2017 | Bolei Zhou, Hang Zhao, Xavier Puig, Sanja Fidler, Adela Barriuso, Antonio Torralba
The paper introduces the ADE20K dataset, a comprehensive resource for scene parsing, which includes densely annotated images with detailed segmentation of scenes, objects, and object parts. The dataset aims to address the limitations of existing datasets like COCO and Pascal by providing a wider range of scenes and object categories. The authors describe the dataset's collection process, annotation details, and statistical analysis, highlighting its richness and diversity.
To improve scene parsing, the paper proposes a novel network design called the Cascade Segmentation Module. This module is designed to segment stuff, objects, and object parts in a cascaded manner, enhancing the performance of existing semantic segmentation models. The module is evaluated on the ADE20K benchmark, showing significant improvements over baseline models in terms of pixel accuracy and mean IoU.

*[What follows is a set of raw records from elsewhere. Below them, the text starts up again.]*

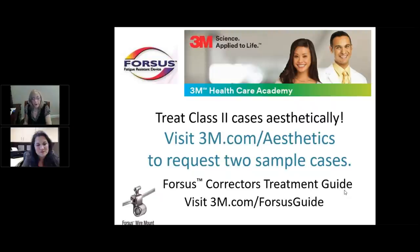Tips for easier Forces installation: get your wires set first. Previously I'd put wires and Forces in at the same appointment, but those longer appointments concern patients. Put your wires in first, send patients away for two to four weeks until wires are passive, then install Forces. You can put Forces in quicker than you can teach a kid to put their own rubber bands on. The most uncomfortable part is usually the wires, not the springs — most patients are surprised by how manageable the springs are.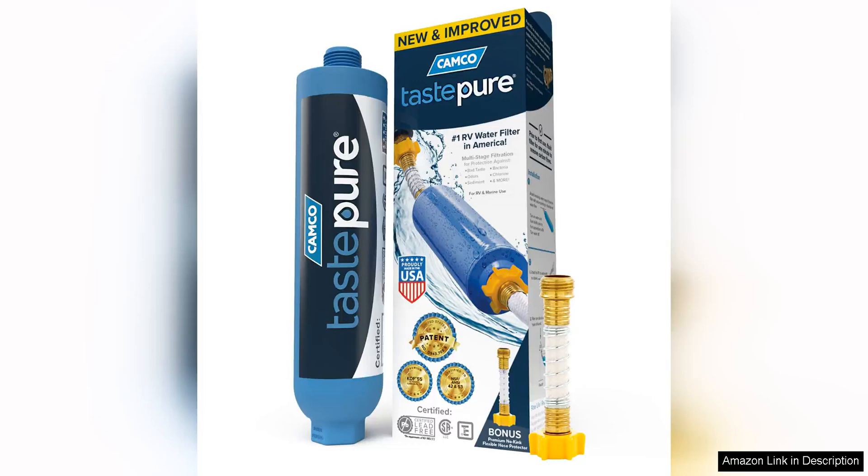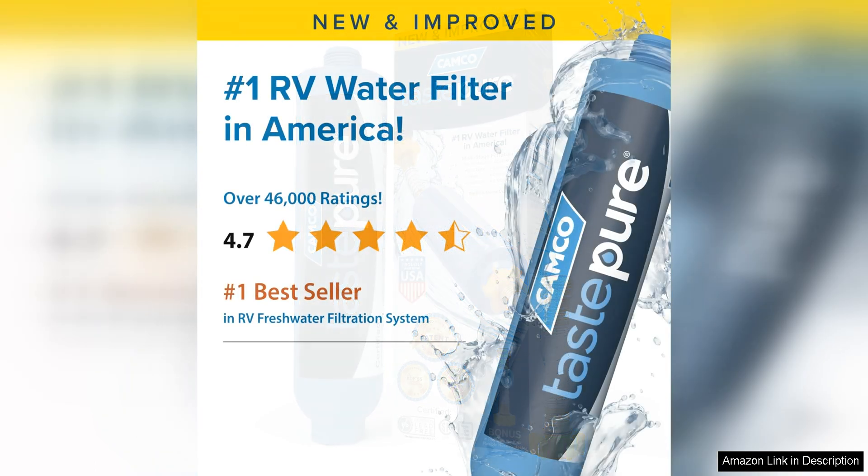The Kamco Taste Viewer RV Water Filter is a must-have for any RV owner looking to ensure clean and safe drinking water while on the road. With its new advanced six-step patent-protected filtration system, this filter provides superior water quality by removing impurities such as chlorine, sediment, bacteria, and bad taste and odor.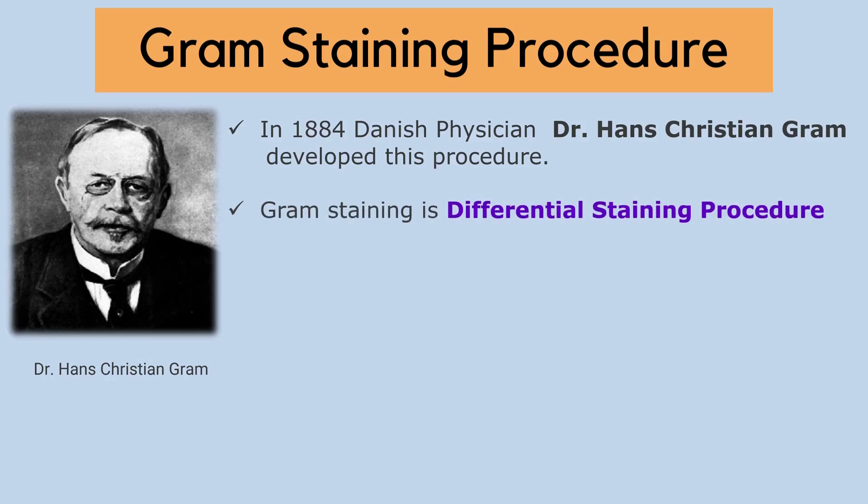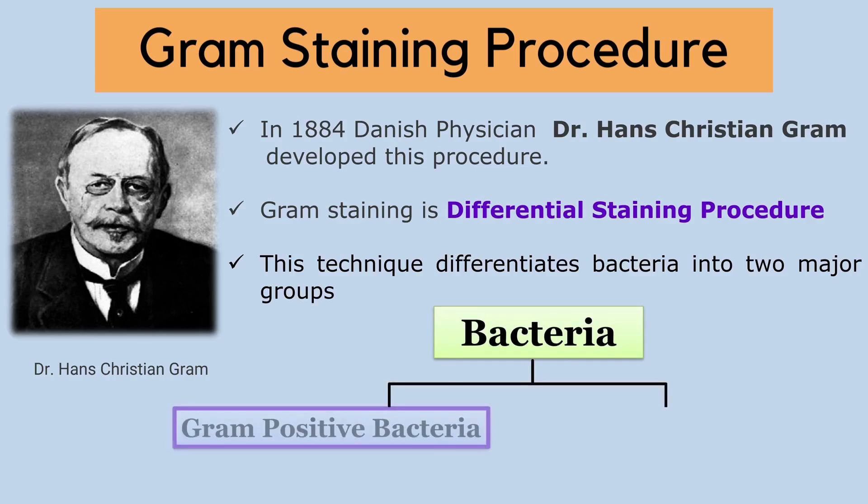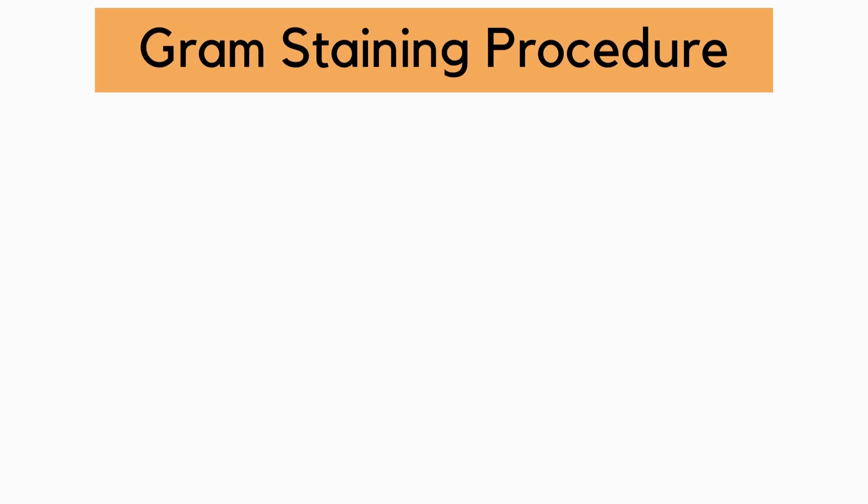This staining technique is a differential staining procedure. The Gram Staining Procedure differentiates bacteria into two major groups. The first group of bacteria is Gram-positive bacteria and the second group is Gram-negative bacteria. Let us see how to do the Gram Staining Practical.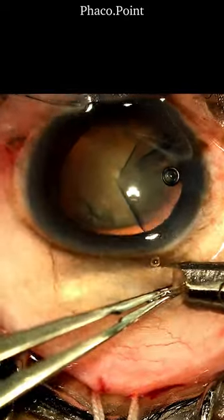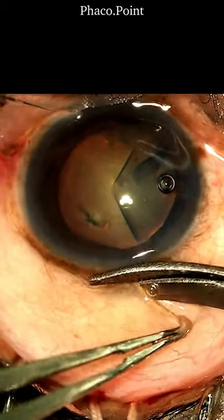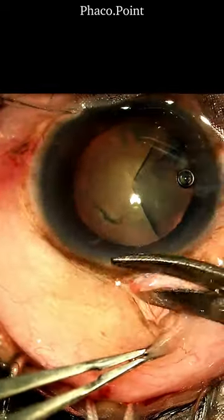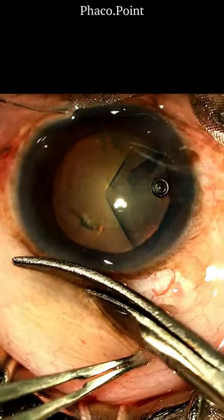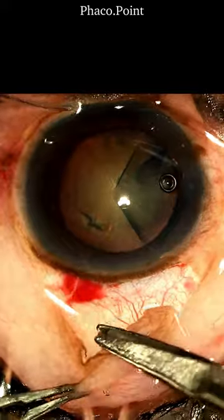Then, following a slight sub-conjunctival dissection, we cut close to the limbus. Ensure that you always leave behind the limbal stem cells. The extent of this dissection should be just beyond the anticipated size of the tunnel. This largely completes the peritomy.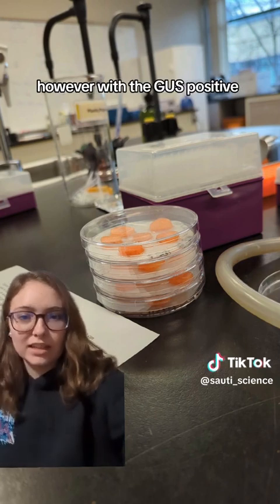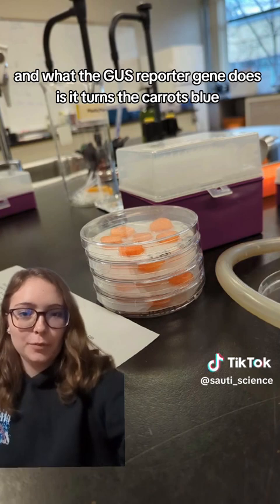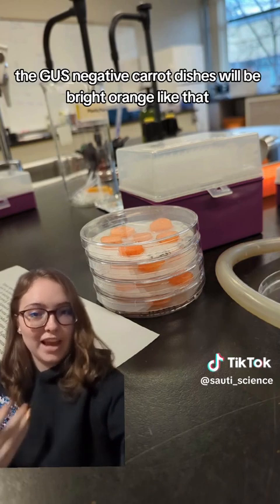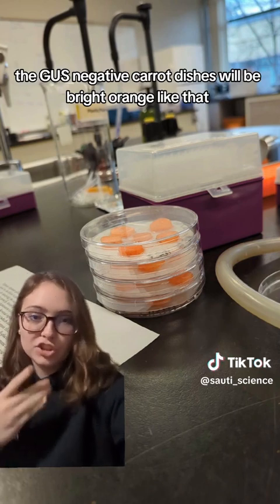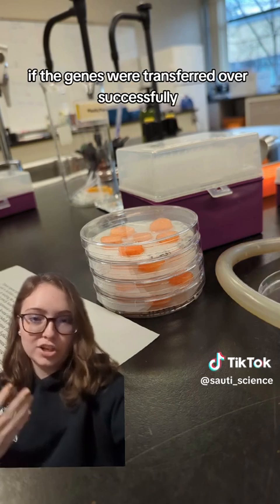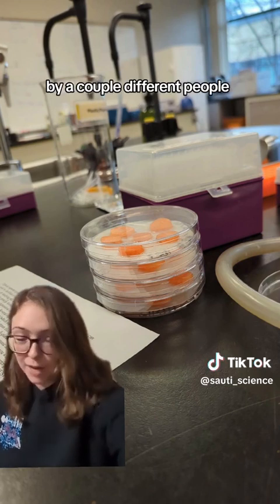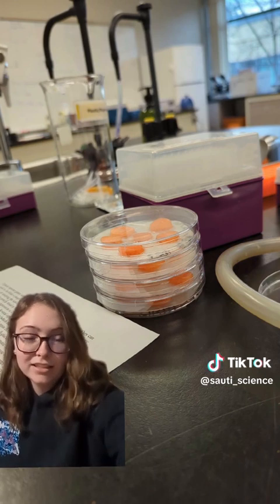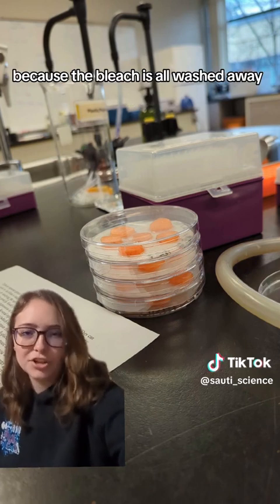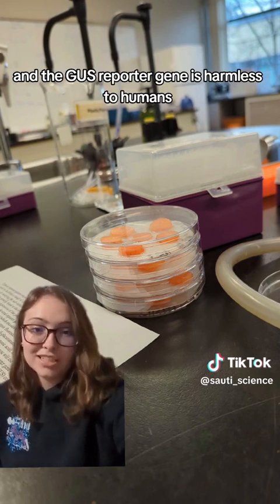However, with the GUS positive, they have the GUS reporter gene, and what it does is it turns the carrots blue. So coming back next week, if the transformation was successful, the GUS negative carrot dishes will be bright orange, but the GUS positive dishes should have blue in them if the genes were transferred over successfully. I was told by a couple of different people that it is a bad idea to eat the transgenic carrot, even though nothing would probably happen because the bleach is washed away and the bacteria is harmless to humans, and the GUS reporter gene is harmless to humans.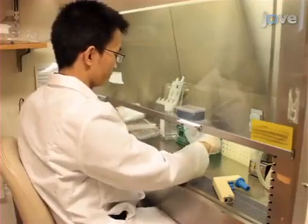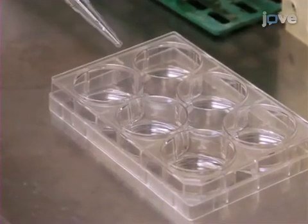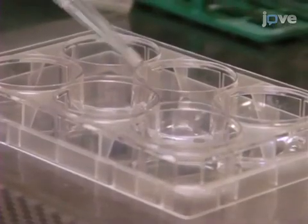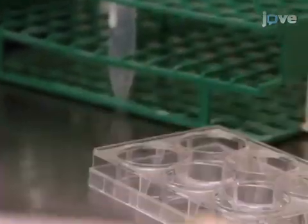To prepare for culturing stem cells, coat the bottom of each well of a six-well plate with poly-D lysine. Allow the plates to dry in the hood. Once the wells are dry, rinse with sterile water and aspirate, then allow the wells to dry again.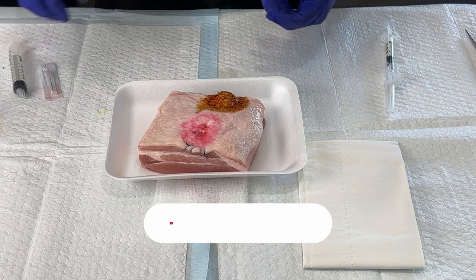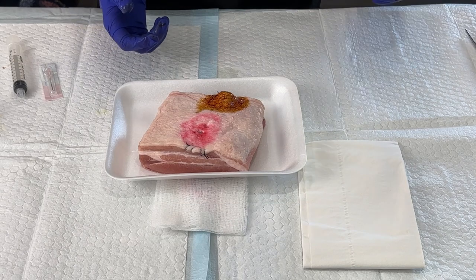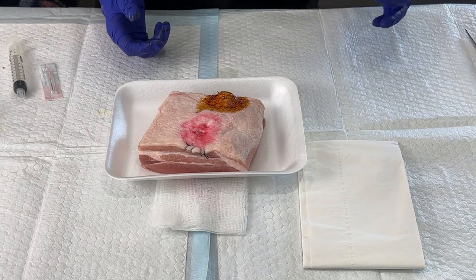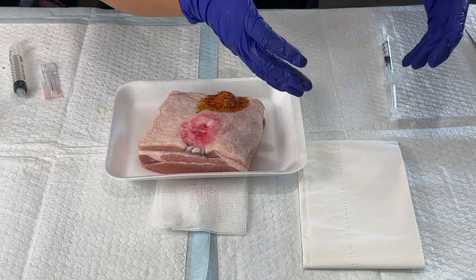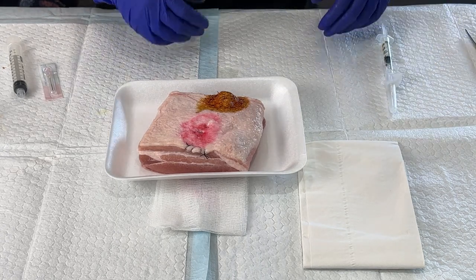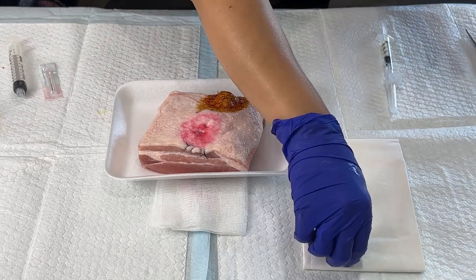Since you're just going to be doing one poke and aspiration, you don't necessarily have to put anesthesia, but I tend to offer it to all of my patients. Once we're done with that, we would get our sterile suture kit, open it up, put on our sterile gloves.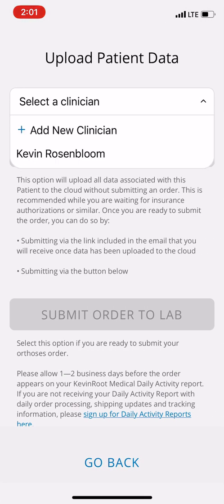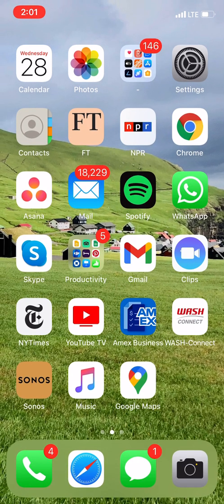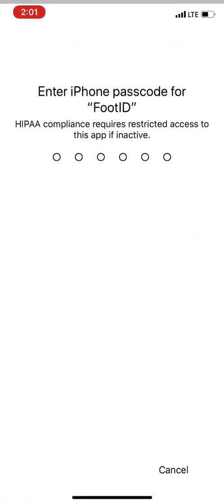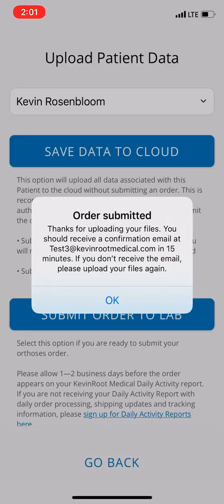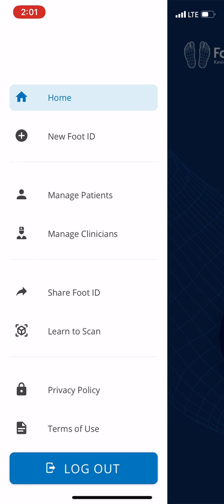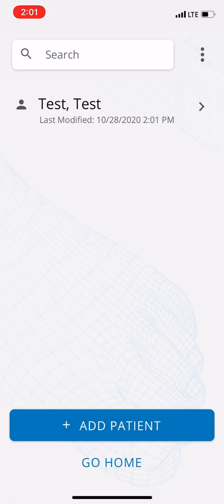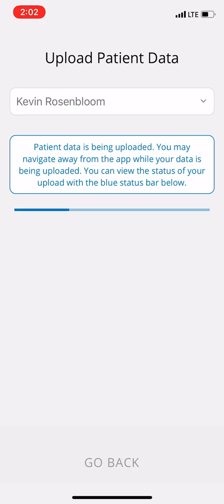Now we're going to upload this, select the clinician again, and submit the order to the lab. You can navigate away — that's not a problem — and then go back to the app. You're going to have to enter your passcode and you'll get a confirmation that the order has been submitted, plus another email confirming submission. Every time you go to this patient and want to submit another order, it will be like a fresh cast. You can continue to upload with new scans and new order forms as patients come in repeatedly or things change.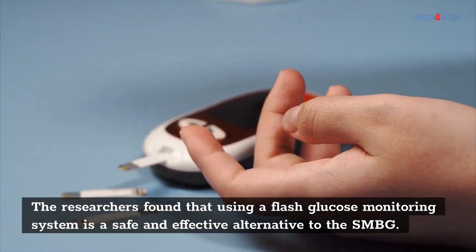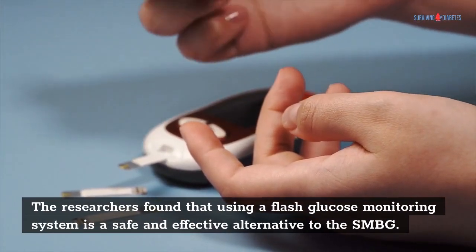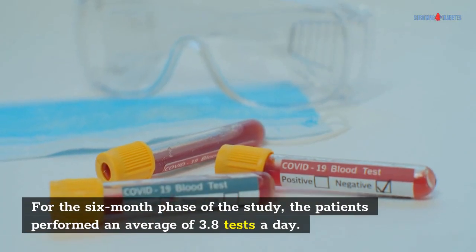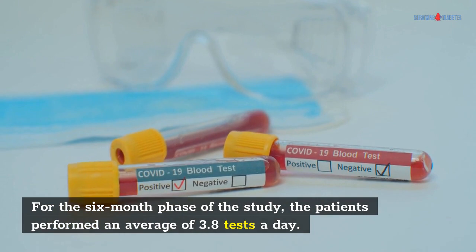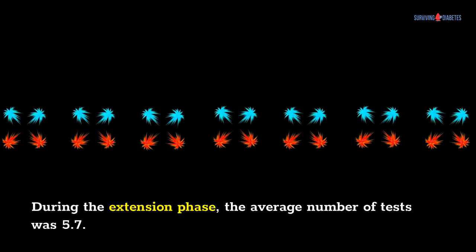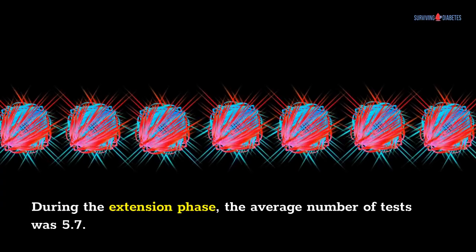The researchers found that using a flash glucose monitoring system is a safe and effective alternative to SMBG. For the six-month phase of the study, the patients performed an average of 3.8 tests a day. During the extension phase, the average number of tests was 5.7.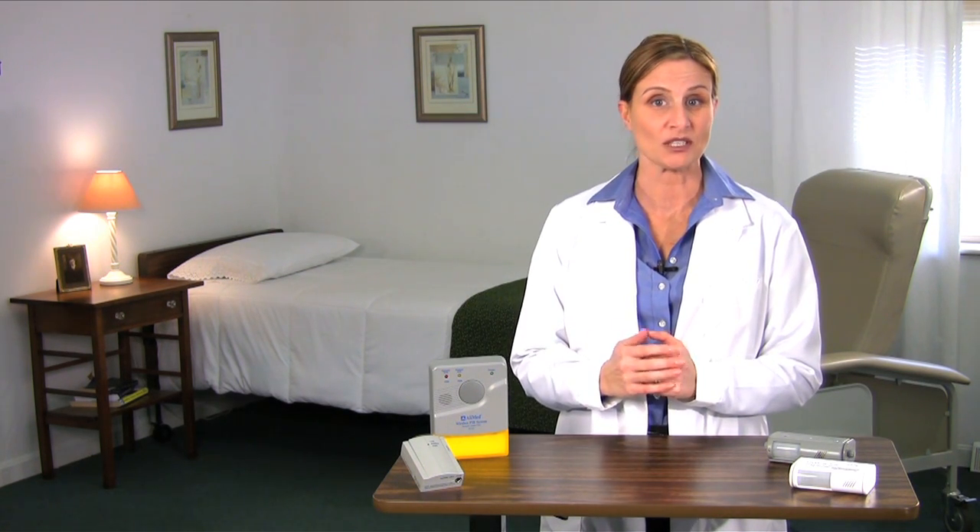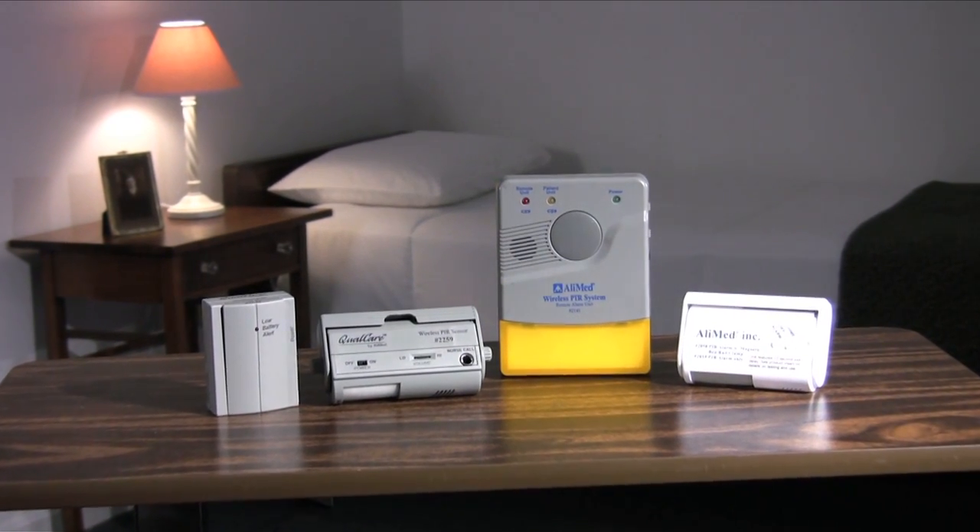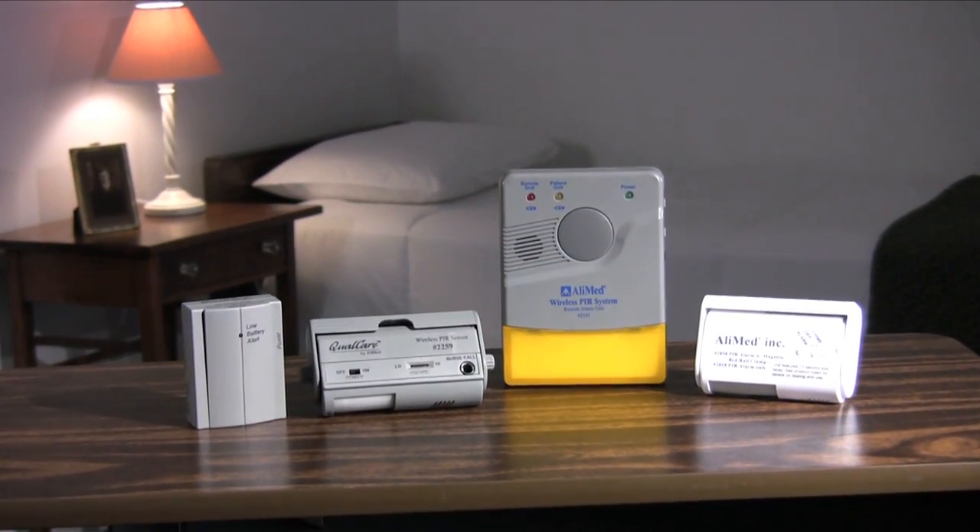This is why we developed the PIR passive infrared motion sensing alarm. You said you wanted a reliable, highly effective alarm that offers earlier warnings and that can monitor patients in bed without cords or wires that get in the way. Well, we have exactly that — a wireless motion sensing alarm that acts as a first alert to patients who are about to rise from their bed.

The paper also explores the applications of scene parsing networks, including image content removal and scene synthesis. The results demonstrate the effectiveness of the proposed network design and its potential for practical computer vision tasks.The paper introduces the ADE20K dataset, a comprehensive resource for scene parsing, which includes densely annotated images with detailed segmentation of scenes, objects, and object parts. The dataset aims to address the limitations of existing datasets like COCO and Pascal by providing a wider range of scenes and object categories. The authors describe the dataset's collection process, annotation details, and statistical analysis, highlighting its richness and diversity.
To improve scene parsing, the paper proposes a novel network design called the Cascade Segmentation Module. This module is designed to segment stuff, objects, and object parts in a cascaded manner, enhancing the performance of existing semantic segmentation models. The module is evaluated on the ADE20K benchmark, showing significant improvements over baseline models in terms of pixel accuracy and mean IoU.
The paper also explores the applications of scene parsing networks, including image content removal and scene synthesis. The results demonstrate the effectiveness of the proposed network design and its potential for practical computer vision tasks.